• _TASK INSTRUCTIONS_: Repeat the following entries exactly, excluding pictures.

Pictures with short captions
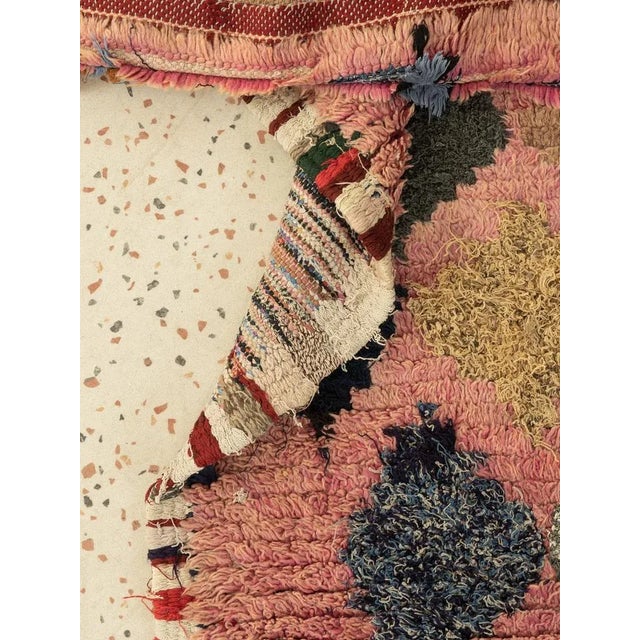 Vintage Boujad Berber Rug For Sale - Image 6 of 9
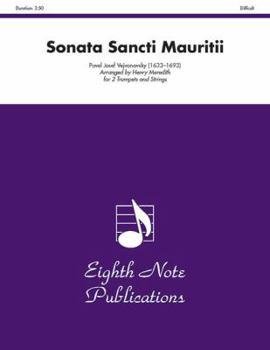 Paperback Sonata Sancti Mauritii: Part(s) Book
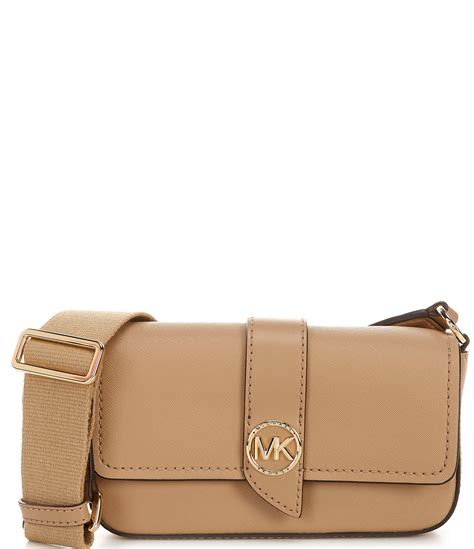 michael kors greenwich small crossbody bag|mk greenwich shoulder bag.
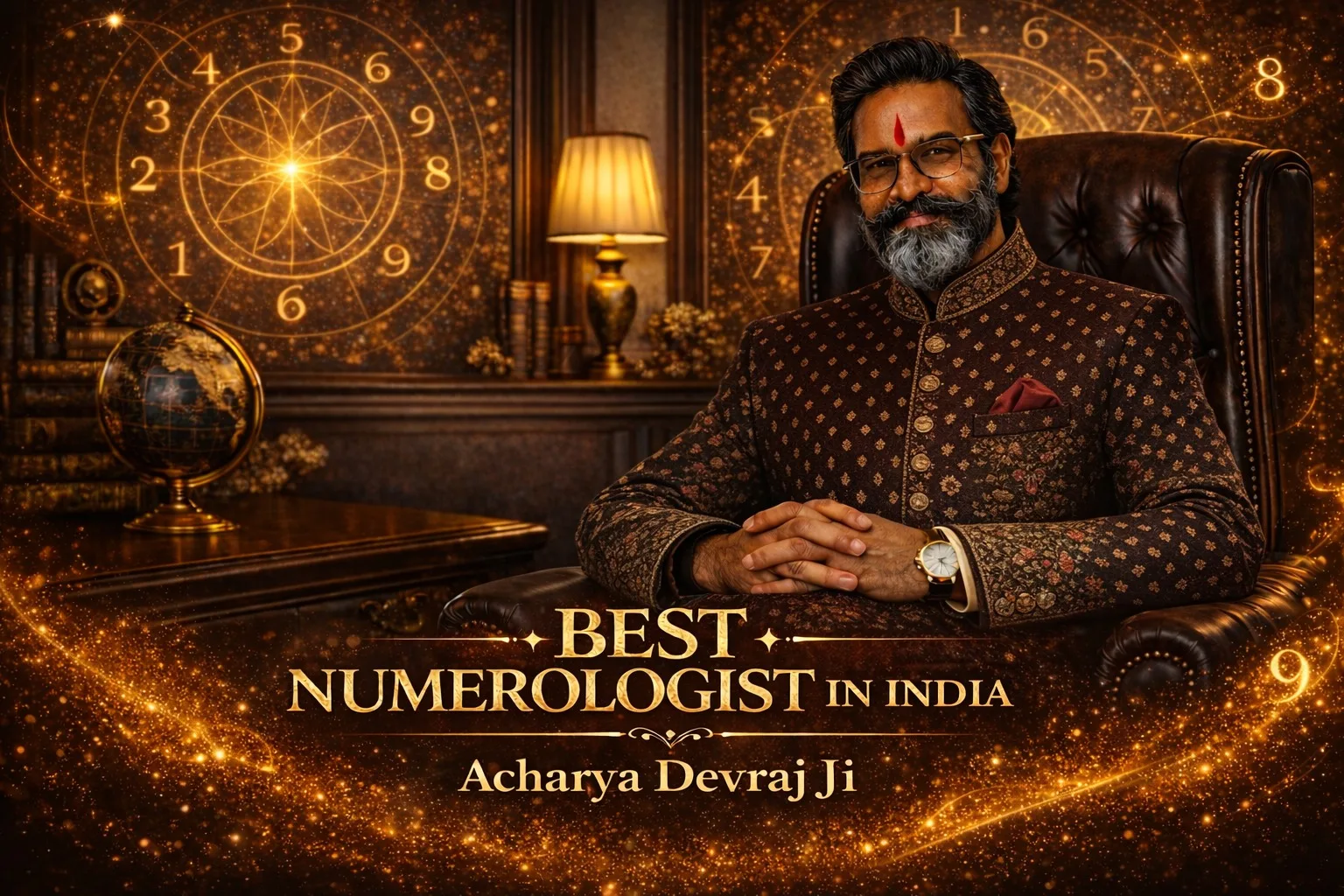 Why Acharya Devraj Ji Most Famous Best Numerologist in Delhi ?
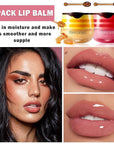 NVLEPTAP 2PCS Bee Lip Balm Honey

• _RESULT BELOW_:
 Vintage Boujad Berber Rug For Sale - Image 6 of 9
 Paperback Sonata Sancti Mauritii: Part(s) Book
 michael kors greenwich small crossbody bag|mk greenwich shoulder bag.
 Why Acharya Devraj Ji Most Famous Best Numerologist in Delhi ?
 NVLEPTAP 2PCS Bee Lip Balm Honey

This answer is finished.